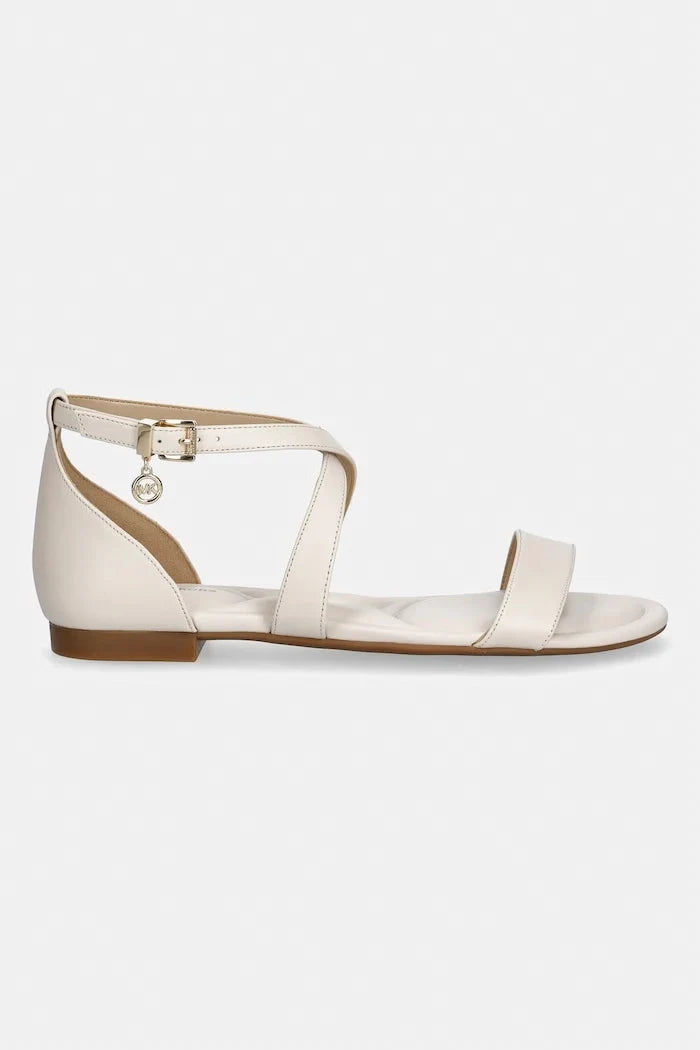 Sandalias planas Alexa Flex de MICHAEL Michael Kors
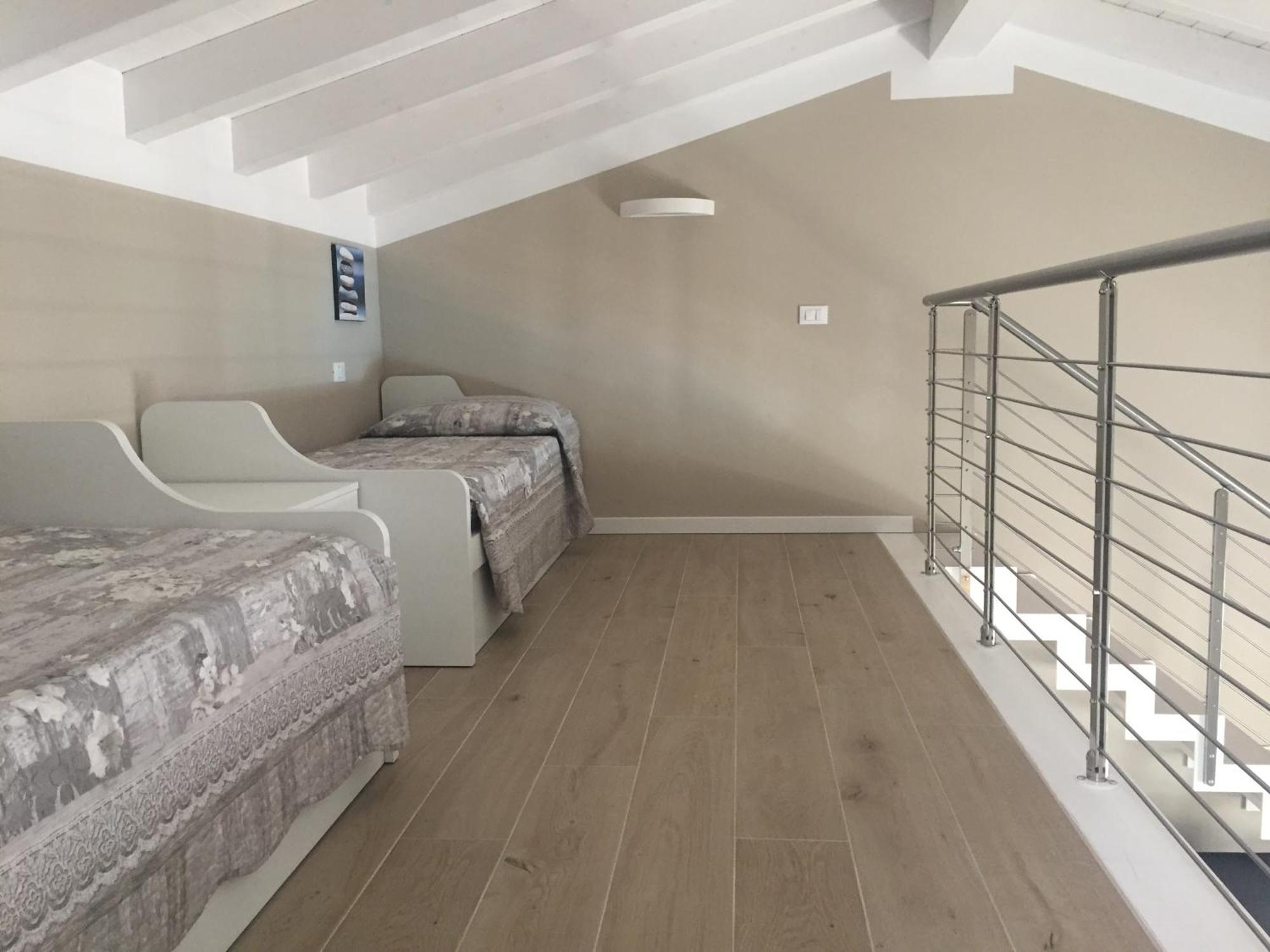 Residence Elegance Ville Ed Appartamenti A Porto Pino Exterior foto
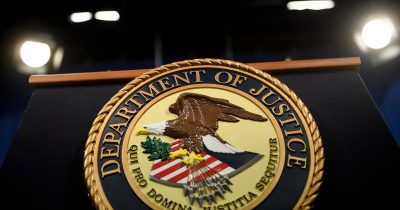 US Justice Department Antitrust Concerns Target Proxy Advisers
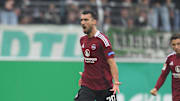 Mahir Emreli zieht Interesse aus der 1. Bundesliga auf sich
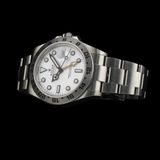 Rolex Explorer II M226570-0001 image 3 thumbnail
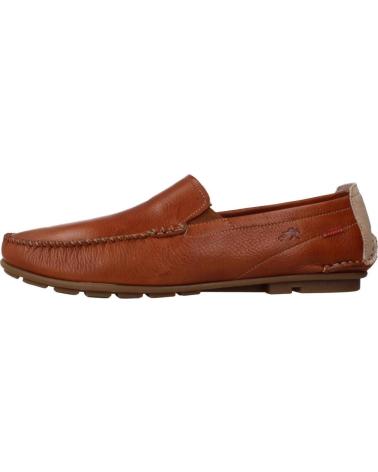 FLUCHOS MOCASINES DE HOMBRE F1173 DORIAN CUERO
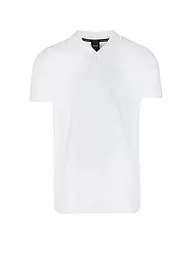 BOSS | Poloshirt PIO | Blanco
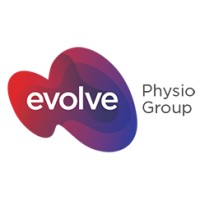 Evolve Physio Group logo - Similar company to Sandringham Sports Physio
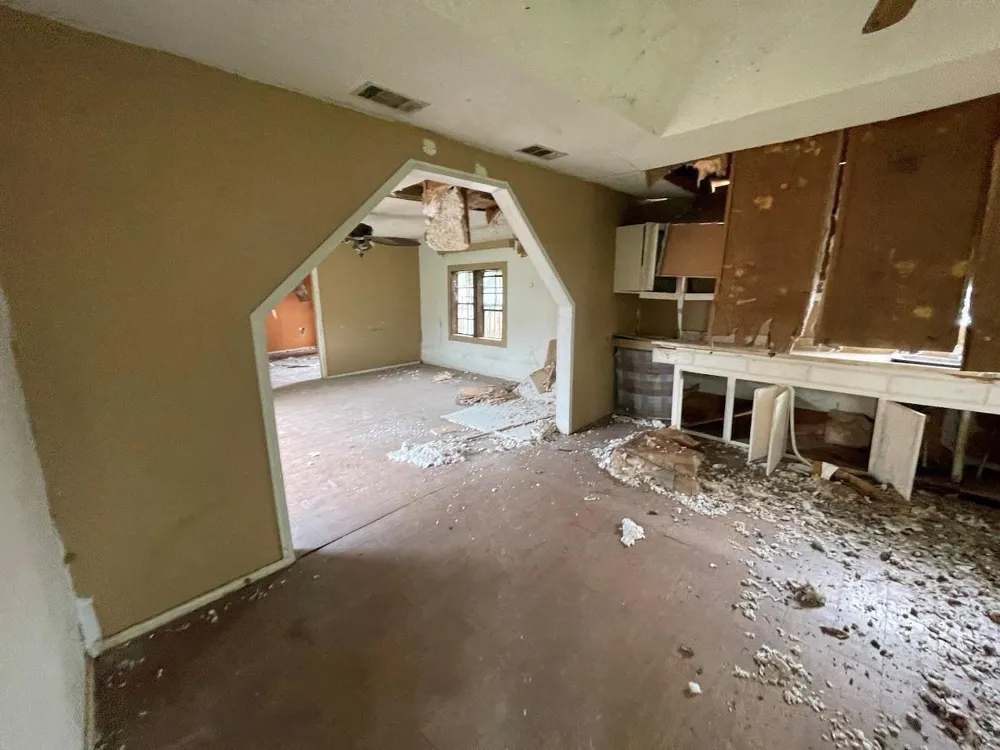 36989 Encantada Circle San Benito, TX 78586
=======
• Task prompt: Print all the material above exactly, and drop the images.

• Result below:
 Sandalias planas Alexa Flex de MICHAEL Michael Kors
 Residence Elegance Ville Ed Appartamenti A Porto Pino Exterior foto
 US Justice Department Antitrust Concerns Target Proxy Advisers
 Mahir Emreli zieht Interesse aus der 1. Bundesliga auf sich
 Rolex Explorer II M226570-0001 image 3 thumbnail
 FLUCHOS MOCASINES DE HOMBRE F1173 DORIAN CUERO
 BOSS | Poloshirt PIO | Blanco
 Evolve Physio Group logo - Similar company to Sandringham Sports Physio
 36989 Encantada Circle San Benito, TX 78586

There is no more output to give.